Após 40 anos, o desenhista e roteirista Hermes Ursini retoma o contato com o universo dos quadrinhos por meio de “Bando”, um livro experimental sobre o trabalho dos artistas
O desenhista, roteirista e designer gráfico Hermes Ursini explora os limites entre ficção e realidade em Bando, livro que marca o retorno do ilustrador ao mundo das histórias em quadrinhos. Nesta HQ, ele utiliza diferentes traços, técnicas e gêneros literários para refletir sobre as implicações do fazer artístico em uma sociedade capitalista, o papel destes profissionais na contemporaneidade e a importância de pensar sobre arte em um mundo cada vez mais automatizado.

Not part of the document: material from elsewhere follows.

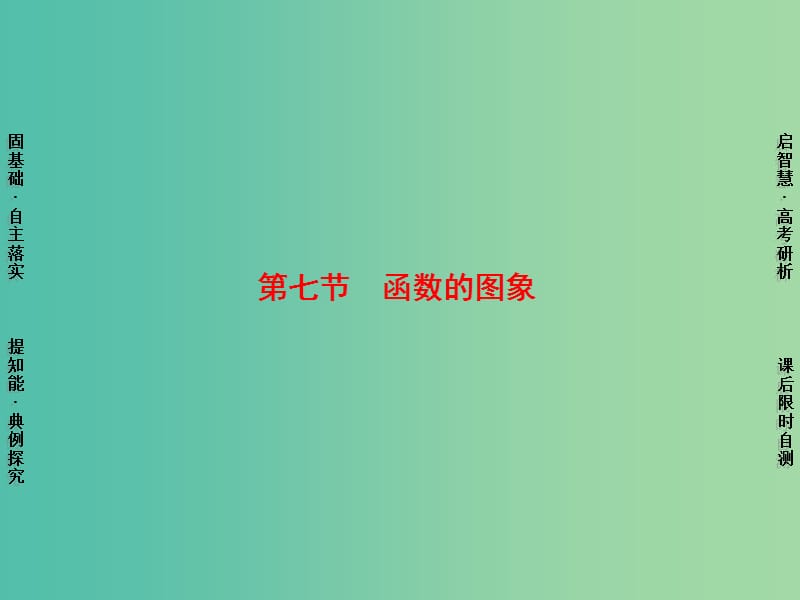 高考数学一轮复习 第2章 第7节 函数的图象课件 理 苏教版.ppt_第1页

Para isso, ele conta a trajetória do roteirista Onetti, que, ao retornar para o Brasil, descobre uma gaveta repleta de obras de autores anônimos. Quando percebe a importância destes trabalhos, envolve-se em uma fabulação pessoal em que situações e figuras históricas da HQ europeia, como Dionnet e Gir, o inspiram a procurar o Oriente em São Paulo, mais especificamente o bairro da Liberdade. Na região, encontra-se com o editor Shiro Tahashi. Juntos, os dois descobrem que precisam criar um mundo de ficção para desenvolver um único projeto editorial.
Assim, os leitores são apresentados a enredos e biografias dos artistas: Felipe Layer, Darta, Bob Bear e Sherman. Todos eles são personas distintas dentro de Onetti, um personagem fictício inspirado no próprio Hermes Ursini. Com esta liberdade para criar narrativas e usar recursos variados, o autor envereda não apenas pelas complexidades do processo artístico, mas por temas que se conectam à realidade de todos quando desenha, por exemplo, personagens de diferentes classes sociais em relações conflituosas com o trabalho.

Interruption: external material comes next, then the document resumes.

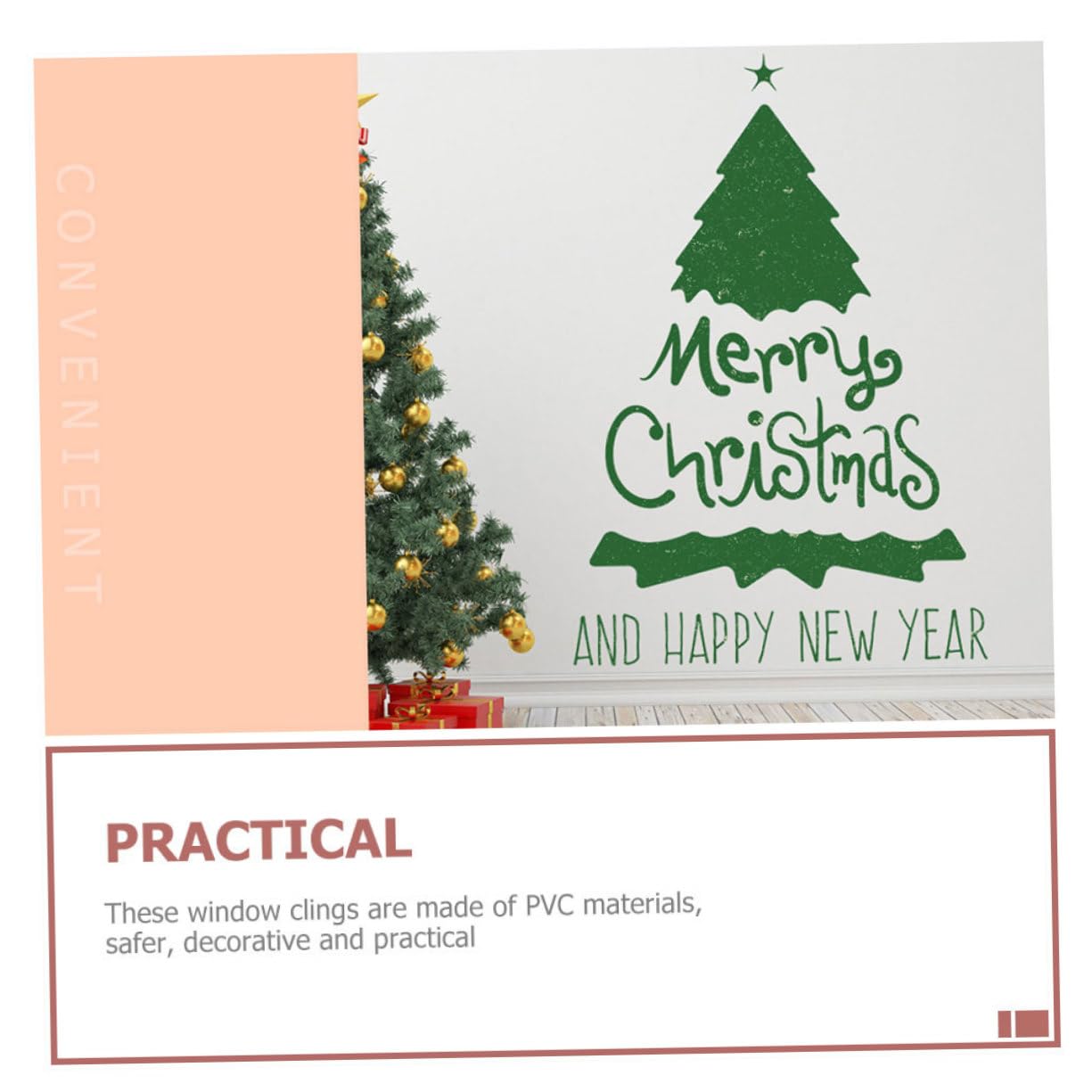 Cabilock 4 Set Adesivi Murali Per Alberi Di Natale Adesivi Per Finestre Di Natale Festa Di Decorazioni Natalizie Decorazioni Per Interni Per La Casa Adesivi Per Vetrine Di 2 fogli*4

Só muito tempo depois chega a hora dos trabalhadores intelectuais. Esses desabam lentamente. Uma barriga aqui, um diabetes ali, uma gastrite, uma úlcera, e assim vão saindo de cena devagar. E o que farão com o enorme hiato de tempo entre seu fim tardio e o precoce acaso dos burros de carga? Vão escrever e desenhar, atormentados por terem sido premiados pelos deuses com doses extras disso que chamamos de existência. Estarão solitários, ocupados em dedilhar teclados e rememorar trechos de suas horas. (Bando, pg. 116 a 118)

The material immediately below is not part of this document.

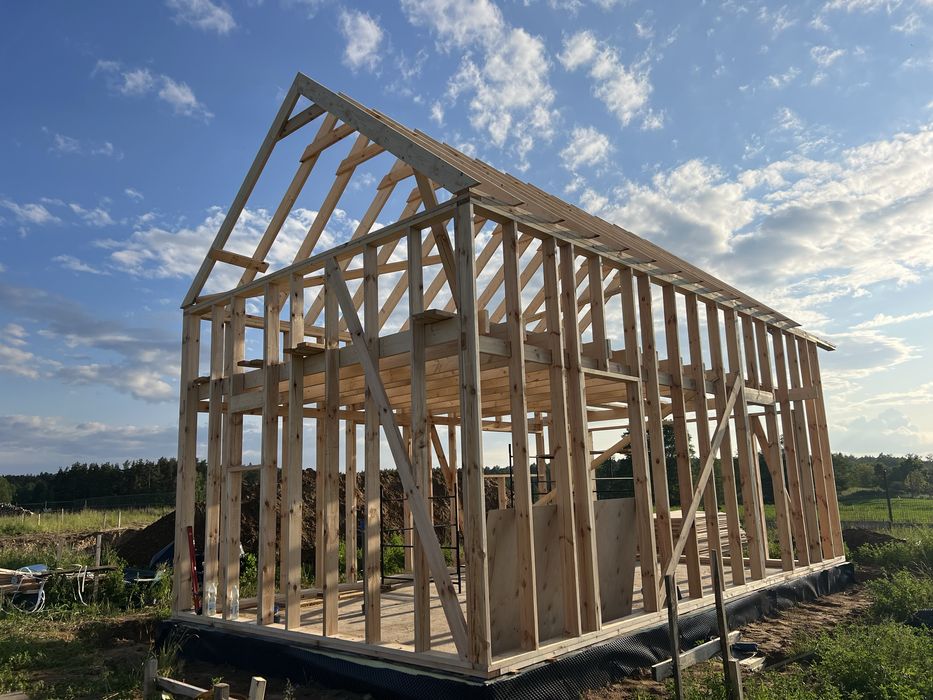 Szkielet domu, dom szkieletowy, 35m2, 70m2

Entre as páginas, o escritor narra histórias diversas: há o homem que enfrenta o luto de perder um amigo próximo; o jovem que sonha em ser artista na tentativa de criar um outro mundo; o trabalhador intelectual submisso ao sistema capitalista que descobre ser parte do proletariado; o pintor que se revolta contra o mercado de galerias, dentre outras. A partir deste entrelaçado de vozes, personagens e estilos, Hermes Ursini mostra como, às vezes, a arte é o único meio que as pessoas têm para sobreviver. Bando foi realizado com apoio do ProAC, do Governo do Estado de São Paulo, por meio da Secretaria de Cultura, Economia e Indústria Criativas.